In 1896, evidence came to light—primarily through an investigation instigated by Georges Picquart, head of counter-espionage—which identified the real culprit as a French Army major named Ferdinand Walsin Esterhazy. When high-ranking military officials suppressed the new evidence, a military court unanimously acquitted Esterhazy after a trial lasting only two days. The Army laid additional charges against Dreyfus, based on forged documents. Subsequently, Émile Zola's open letter J'Accuse…! stoked a growing movement of support for Dreyfus, putting pressure on the government to reopen the case.

In 1899, Dreyfus was returned to France for another trial. The intense political and judicial scandal that ensued divided French society between those who supported Dreyfus (now called "Dreyfusards"), such as Sarah Bernhardt, Anatole France, Henri Poincaré and Georges Clemenceau, and those who condemned him (the anti-Dreyfusards), such as Édouard Drumont, the director and publisher of the antisemitic newspaper La Libre Parole. The new trial resulted in another conviction and a 10-year sentence, but Dreyfus was pardoned and released. In 1906, Dreyfus was exonerated and reinstated as a major in the French Army. He served during the whole of World War I, ending his service with the rank of lieutenant-colonel. He died in 1935.

The affair from 1894 to 1906 divided France into pro-republican, anticlerical Dreyfusards and pro-Army, mostly Catholic "anti-Dreyfusards". It embittered French politics and encouraged radicalisation.

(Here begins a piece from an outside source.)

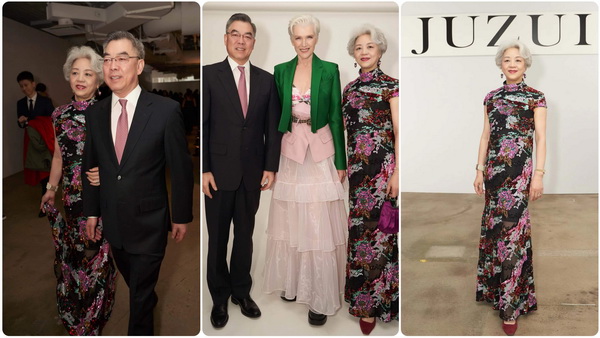 中國芍藥綻放2024秋冬紐約時(shí)裝周 王陶攜手梅耶·馬斯克奉上玖姿JUZUI“繁花”大秀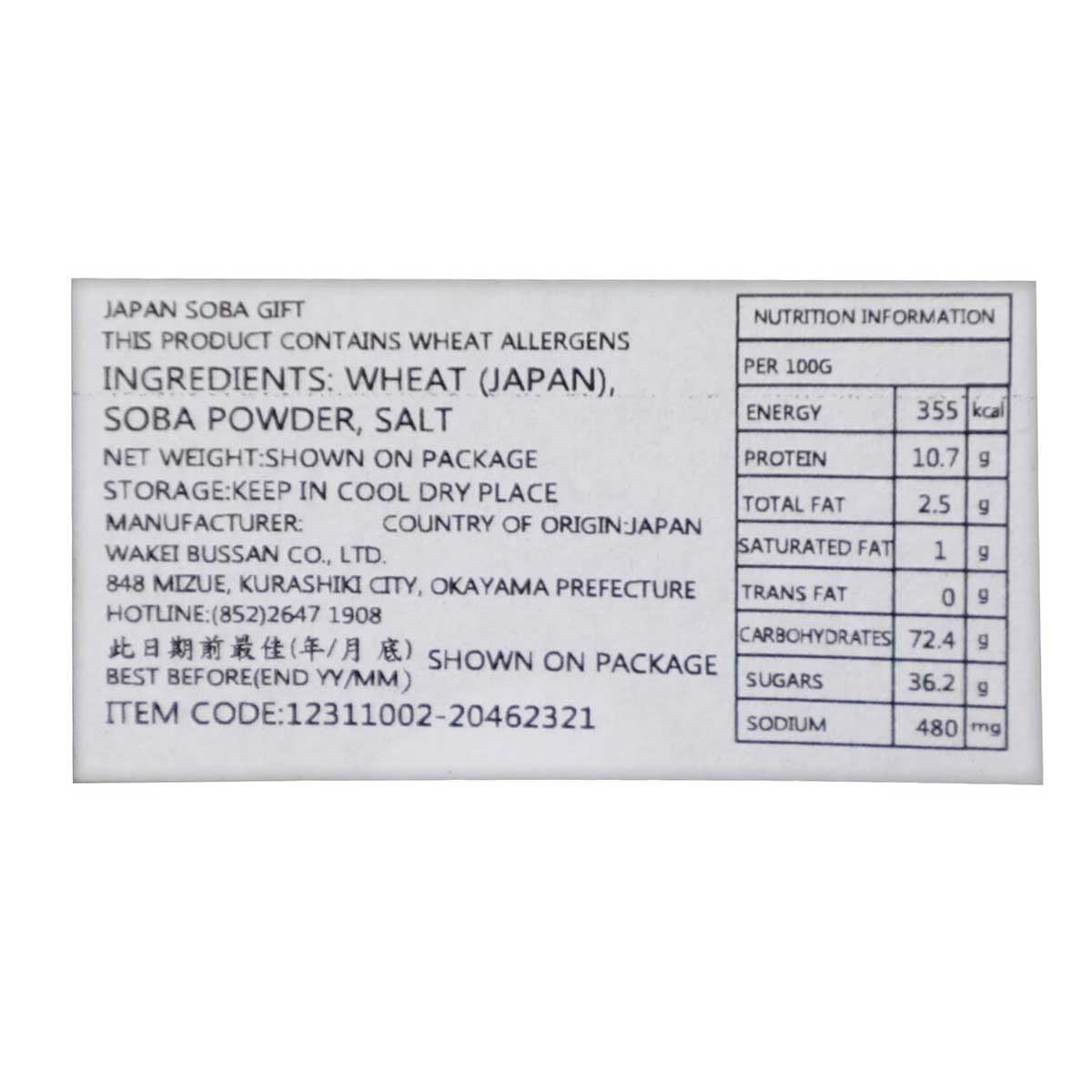 丸龜製麵 讃備前屋長兵衛日本蕎麥麵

message 15: by Traveller (last edited Jul 06, 2021 06:31AM) (new)

Traveller (moontravlr) | 216 comments And since we're already surmising about a lot of Proust's background, here's a nice short summary that I found in my Norton's copy of Swann's Way. (These Norton critical editions are wonderful companions to a text!)

Proust was born July 10, 1871, in the immediate aftermath of the Paris Commune, the son of a respected Catholic doctor and a Jewish mother from a wealthy family. At the time of his birth, his mother was very unwell and Proust himself was so sick and frail that he was not expected to survive.

He remained a delicate child, suffering his first asthma attack at the age of ten; by the time he was thirty-eight, breathing problems had more or less confined him to his bed. His brother Robert was born two years after him.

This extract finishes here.